Back-propagation tracing

w3 - between 2nd hidden and output layers

Delta (error):

sizes: 16, Tensor1D[Float]:
[-0.5,0.5,-2.336502E-5,0.5,0.99982685,0.0,1.0,-0.27220798,0.9981591,0.99999166,0.5142617,0.5,0.5,0.5,0.5,0.9999994]

x transpose:

sizes: 6x16, Tensor2D[Float]:
[[0.0,0.0,2.3540525,0.0,1.1964836,4.380693,6.6140265,0.44490784,1.8534858,2.7576103,0.007678177,0.0,0.0,0.0,0.0,3.0259452]
 [0.0,0.0,1.4293345,0.0,1.9171724,5.341193,5.351874,0.52522117,1.888961,3.053475,0.0014958136,0.0,0.0,0.0,0.0,4.647504]
 [0.0,0.0,2.901132,0.0,3.4634292,6.8469305,9.681695,0.16261059,1.7458743,4.406227,0.0116603775,0.0,0.0,0.0,0.0,3.5064058]
 [0.0,0.0,2.2631726,0.0,1.4329143,5.5888605,7.362318,0.16618003,1.1314285,2.040889,0.023946803,0.0,0.0,0.0,0.0,2.7598464]
 [0.0,0.0,3.2273922,0.0,2.8001034,8.964131,10.323663,0.10813884,1.4567397,2.918638,0.013493502,0.0,0.0,0.0,0.0,3.6922505]
 [0.0,0.0,3.2367752,0.0,2.513441,9.055562,10.566048,0.26056617,1.7771944,3.133051,0.015981253,0.0,0.0,0.0,0.0,4.64655]]
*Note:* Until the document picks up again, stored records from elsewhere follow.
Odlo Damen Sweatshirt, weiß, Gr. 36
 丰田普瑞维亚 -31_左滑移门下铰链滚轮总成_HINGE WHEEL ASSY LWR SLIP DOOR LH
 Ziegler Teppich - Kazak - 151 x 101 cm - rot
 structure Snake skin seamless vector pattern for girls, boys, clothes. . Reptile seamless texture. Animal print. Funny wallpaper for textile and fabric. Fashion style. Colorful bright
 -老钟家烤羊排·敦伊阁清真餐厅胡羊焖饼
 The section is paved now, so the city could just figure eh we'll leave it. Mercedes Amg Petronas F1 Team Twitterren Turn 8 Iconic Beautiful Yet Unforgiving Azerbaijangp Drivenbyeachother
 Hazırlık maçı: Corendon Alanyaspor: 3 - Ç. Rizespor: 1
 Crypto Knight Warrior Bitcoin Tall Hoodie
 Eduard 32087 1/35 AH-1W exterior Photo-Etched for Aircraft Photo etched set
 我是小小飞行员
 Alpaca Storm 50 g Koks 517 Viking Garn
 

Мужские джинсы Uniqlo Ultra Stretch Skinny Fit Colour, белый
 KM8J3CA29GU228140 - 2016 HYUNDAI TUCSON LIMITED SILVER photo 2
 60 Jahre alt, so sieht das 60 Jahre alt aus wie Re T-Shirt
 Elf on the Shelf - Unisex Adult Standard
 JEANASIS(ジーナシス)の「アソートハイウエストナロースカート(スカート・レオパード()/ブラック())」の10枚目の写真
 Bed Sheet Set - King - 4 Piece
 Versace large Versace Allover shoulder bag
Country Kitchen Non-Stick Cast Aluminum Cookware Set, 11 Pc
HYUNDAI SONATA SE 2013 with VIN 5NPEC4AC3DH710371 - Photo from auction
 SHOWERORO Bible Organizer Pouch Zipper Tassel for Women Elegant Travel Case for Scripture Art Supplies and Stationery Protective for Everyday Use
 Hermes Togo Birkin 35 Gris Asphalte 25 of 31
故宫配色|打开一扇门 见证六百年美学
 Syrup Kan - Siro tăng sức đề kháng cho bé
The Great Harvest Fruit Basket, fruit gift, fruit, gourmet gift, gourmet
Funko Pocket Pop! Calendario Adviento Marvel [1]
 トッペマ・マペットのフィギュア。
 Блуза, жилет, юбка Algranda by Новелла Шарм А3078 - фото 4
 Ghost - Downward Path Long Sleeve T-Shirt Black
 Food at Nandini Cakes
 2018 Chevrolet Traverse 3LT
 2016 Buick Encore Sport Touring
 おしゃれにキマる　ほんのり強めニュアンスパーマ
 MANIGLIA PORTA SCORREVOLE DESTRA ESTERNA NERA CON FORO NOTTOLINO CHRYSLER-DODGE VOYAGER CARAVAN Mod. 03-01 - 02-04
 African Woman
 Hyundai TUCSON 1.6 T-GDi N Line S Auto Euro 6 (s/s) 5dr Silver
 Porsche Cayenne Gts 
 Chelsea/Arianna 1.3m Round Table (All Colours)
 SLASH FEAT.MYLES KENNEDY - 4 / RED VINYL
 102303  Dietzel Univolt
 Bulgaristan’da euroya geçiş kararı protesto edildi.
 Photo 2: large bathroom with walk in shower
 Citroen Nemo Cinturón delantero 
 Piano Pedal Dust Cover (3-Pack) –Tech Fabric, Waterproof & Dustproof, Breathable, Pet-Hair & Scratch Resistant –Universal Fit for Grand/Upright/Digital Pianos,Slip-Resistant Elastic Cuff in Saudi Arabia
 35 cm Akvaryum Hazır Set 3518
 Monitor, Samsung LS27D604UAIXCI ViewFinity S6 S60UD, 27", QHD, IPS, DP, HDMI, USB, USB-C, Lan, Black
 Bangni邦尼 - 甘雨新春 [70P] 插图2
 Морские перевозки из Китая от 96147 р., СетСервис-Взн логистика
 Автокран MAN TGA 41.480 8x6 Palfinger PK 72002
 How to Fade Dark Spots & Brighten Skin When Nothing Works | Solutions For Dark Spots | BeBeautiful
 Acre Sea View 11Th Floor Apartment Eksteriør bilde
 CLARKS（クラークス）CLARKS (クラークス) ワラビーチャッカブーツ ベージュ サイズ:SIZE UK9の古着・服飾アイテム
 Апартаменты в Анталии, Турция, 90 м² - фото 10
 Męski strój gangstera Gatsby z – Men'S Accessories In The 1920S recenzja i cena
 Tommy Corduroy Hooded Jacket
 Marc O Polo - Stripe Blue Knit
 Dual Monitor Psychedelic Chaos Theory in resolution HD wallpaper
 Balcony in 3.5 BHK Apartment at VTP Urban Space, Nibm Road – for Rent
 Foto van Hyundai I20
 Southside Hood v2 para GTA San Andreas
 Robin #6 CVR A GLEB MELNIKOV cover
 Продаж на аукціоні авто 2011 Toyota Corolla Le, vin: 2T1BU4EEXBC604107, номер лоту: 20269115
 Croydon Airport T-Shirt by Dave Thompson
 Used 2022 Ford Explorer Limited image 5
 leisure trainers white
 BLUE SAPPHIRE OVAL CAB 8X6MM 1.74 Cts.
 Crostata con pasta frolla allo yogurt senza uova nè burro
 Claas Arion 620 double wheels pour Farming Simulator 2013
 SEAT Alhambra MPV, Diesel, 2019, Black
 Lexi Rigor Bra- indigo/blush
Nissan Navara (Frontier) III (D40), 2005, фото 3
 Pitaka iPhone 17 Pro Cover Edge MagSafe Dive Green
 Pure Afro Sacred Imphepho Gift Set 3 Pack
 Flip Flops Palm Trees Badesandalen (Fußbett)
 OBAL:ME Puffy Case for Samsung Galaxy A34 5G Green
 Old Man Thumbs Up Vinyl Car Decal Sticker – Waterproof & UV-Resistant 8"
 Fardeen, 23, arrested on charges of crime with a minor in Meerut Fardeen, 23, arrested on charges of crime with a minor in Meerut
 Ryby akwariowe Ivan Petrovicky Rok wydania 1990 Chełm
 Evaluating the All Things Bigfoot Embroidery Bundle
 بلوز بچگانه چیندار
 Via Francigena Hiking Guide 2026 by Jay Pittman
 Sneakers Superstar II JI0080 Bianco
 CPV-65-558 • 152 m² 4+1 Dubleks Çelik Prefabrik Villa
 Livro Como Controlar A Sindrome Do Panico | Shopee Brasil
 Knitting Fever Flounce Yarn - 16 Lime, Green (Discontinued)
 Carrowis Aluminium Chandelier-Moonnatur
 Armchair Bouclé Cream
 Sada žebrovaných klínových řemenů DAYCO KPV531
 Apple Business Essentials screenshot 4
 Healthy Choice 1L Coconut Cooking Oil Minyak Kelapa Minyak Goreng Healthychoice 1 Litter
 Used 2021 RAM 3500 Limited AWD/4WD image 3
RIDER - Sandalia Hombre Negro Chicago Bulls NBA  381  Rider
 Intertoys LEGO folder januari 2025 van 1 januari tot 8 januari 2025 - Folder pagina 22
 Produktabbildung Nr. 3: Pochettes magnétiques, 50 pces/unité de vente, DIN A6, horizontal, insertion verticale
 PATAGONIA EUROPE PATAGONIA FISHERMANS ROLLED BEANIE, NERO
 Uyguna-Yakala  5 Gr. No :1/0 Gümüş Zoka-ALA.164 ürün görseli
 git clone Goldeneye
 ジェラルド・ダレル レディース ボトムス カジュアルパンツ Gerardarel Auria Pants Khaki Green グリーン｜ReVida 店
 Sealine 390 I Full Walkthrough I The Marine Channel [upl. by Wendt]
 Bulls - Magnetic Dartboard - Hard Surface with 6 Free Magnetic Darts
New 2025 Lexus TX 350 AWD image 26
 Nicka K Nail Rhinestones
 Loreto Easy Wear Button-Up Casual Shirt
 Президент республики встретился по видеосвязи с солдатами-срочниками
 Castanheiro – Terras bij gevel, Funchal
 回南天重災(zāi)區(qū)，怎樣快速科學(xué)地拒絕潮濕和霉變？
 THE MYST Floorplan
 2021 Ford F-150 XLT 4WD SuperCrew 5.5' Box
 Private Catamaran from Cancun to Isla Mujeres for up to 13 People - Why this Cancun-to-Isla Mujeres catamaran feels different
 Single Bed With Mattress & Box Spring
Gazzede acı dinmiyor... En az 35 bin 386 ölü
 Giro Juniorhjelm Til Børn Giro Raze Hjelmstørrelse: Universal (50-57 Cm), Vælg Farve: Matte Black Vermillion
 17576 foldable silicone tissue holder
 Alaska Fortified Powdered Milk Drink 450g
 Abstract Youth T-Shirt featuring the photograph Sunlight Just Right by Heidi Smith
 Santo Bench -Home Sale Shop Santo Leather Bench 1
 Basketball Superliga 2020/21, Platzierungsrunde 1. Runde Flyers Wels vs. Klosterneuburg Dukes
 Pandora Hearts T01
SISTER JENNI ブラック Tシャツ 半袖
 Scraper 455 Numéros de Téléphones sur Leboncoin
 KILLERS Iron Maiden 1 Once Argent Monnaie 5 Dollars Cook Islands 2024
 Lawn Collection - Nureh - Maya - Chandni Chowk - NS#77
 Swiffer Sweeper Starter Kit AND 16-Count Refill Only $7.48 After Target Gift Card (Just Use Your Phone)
partialDerivative3 = x.T * (delta multiply f`(z)):

sizes: 6x1, Tensor2D[Float]:
[[15.326693]
 [16.712915]
 [22.761444]
 [14.692074]
 [21.16563]
 [22.569763]]

updated Weight = w - learningRate * partialDerivative3 :

sizes: 6x1, Tensor2D[Float]:
[[0.6776238]
 [0.29685247]
 [0.496793]
 [0.95105153]
 [0.824897]
 [0.64518374]]

updated Bias = b - learningRate * sum(delta) :

sizes: 1, Tensor1D[Float]:
[-0.0077400077]

w2 - between 1st and 2nd hidden layers

current delta:

delta (16x6) = (previous delta * previous w) multiply f`(z)

current derivative:

partialDerivative2 (6 x 6) = x.T (6 x 16) * delta (16 x 6)

updated Weight:

w2 (6x6) = w2 (6x6) - learningRate * partialDerivative2 (6 x 6)

updated Bias:

b2 (6 x 1) = b2 (6 x 1) - learningRate * sum(delta)

w1 - between input and 1st hidden layers

current delta:

delta (16x6) = (previous delta * previous w) multiply f`(z)

current derivative:

partialDerivative1 (12 x 6) = x.T (12 x 16) * delta (16 x 6)

updated Weight:

w1 (12x6) = w2 (12x6) - learningRate * partialDerivative1 (12 x 6)

updated Bias:

b1 (6 x 1) = b1 (6 x 1) - learningRate * sum(delta)

Wrapping up

We have finished with theoretical part and ready to continue with the second article ANN in Scala: implementation. In case you have not gotten how the ANN is actually working in theory, then I encourage you to search for other articles and videos. It is important to understand this part before looking at actual implementation in code.